FN5. Saco Dairy Co. v. Norton, 140 Me. 204, 35 A.2d 857, 150 A.L.R. 1299; Amans v. Campbell, 70 Minn. 493, 73 N.W. 506; Cobb v. Knapp, 71 N.Y. 348, 27 Am.Rep. 51; Nelson v. Andrews, 19 Misc. 623, 44 N.Y.S. 384; Givner v. United States Hoffman Machinery Corp., 49 Ohio App. 410, 197 N.E. 354; contra, Rabinowitz v. Zell, Sup., 191 N.Y.S. 720. See also Golden's Foundry & Machine Co. v. Wight. 35 Ga.App. 85, 132 S.E. 138; Beilin v. Krenn & Dato, 350 Ill. 284, 183 N.E. 330; Note, 150 A.L.R. 1303.

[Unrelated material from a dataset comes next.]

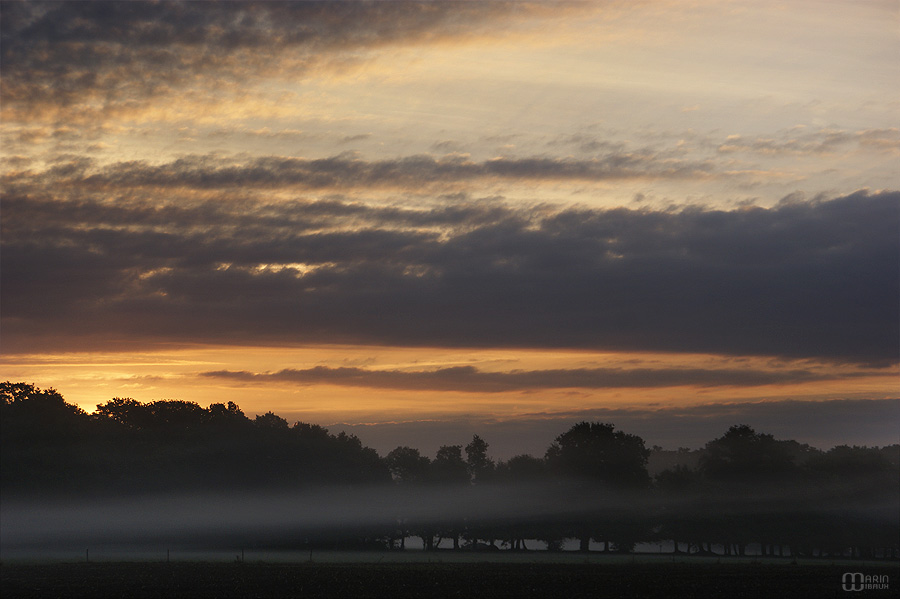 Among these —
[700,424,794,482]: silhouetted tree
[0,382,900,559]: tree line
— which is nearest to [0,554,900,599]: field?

From the cases we have cited, the law seems to be that the mere use of a trade name in a contract signed by an agent is not sufficient to show as a matter of law that the principal was disclosed. But it does not follow that solely because a trade name was used, the principal was as a matter of law undisclosed. It has been recognized that contracts may be executed in a trade name under such circumstances as to disclose the identity of the principal. [FN6] We think that such a possibility exists here. Therefore, appellant should have the opportunity to prove the extent of appellee's knowledge of the principal's identity. [FN7] It cannot be said that the pleadings exclude the possibility of such knowledge. There is nothing to show the extent of the dealings between the parties, the familiarity of appellee with the business operated as American Communication Co., or whether the name was used in good faith to describe the principal. It must be determined whether the identity of the principal was shown either by the use of its trade name or in some other manner. These are issues of fact which cannot be decided on motion for summary judgment.
FN6. Saco Dairy Co. v. Norton, supra; Amans v. Campbell, supra.

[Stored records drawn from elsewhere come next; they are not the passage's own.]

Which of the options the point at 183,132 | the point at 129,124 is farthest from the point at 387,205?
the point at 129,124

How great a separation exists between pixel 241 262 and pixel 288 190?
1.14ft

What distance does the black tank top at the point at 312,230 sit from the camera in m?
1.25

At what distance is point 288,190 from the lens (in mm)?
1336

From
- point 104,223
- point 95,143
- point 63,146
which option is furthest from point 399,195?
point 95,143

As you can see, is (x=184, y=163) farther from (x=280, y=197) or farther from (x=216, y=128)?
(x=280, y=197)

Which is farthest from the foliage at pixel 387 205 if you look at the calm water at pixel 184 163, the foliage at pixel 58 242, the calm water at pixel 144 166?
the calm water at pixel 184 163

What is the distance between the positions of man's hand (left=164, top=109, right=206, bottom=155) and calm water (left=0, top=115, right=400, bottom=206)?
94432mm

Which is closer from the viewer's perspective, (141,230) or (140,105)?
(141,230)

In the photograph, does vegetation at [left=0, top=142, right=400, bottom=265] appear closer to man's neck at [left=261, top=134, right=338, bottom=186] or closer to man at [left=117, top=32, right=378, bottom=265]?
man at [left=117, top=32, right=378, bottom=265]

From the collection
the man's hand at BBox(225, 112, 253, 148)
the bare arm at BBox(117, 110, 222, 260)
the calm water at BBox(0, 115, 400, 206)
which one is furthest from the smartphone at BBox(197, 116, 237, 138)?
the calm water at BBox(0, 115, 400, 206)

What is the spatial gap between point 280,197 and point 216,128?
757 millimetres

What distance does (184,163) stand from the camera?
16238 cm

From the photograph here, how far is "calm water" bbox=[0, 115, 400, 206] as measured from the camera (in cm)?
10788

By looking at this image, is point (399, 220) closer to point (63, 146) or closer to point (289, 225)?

FN7. Evidence that appellee knew that Royal Appliance Co. used the trade name of American Communication Co. may be received without violating the parol evidence rule. Beilin v. Krenn & Dato, supra, Note 5.
Appellant assigns as error the refusal of the trial court to permit him to file an amended answer and counterclaim. He also says there was error in denying a motion for leave to intervene by Royal Appliance Co. We need not pass on these claims of error. We assume that with the remanding of the case for trial on the merits the trial court will exercise its discretion so as to permit such amendments by either party as will fairly develop the issues, and will also entertain any proper motion for intervention.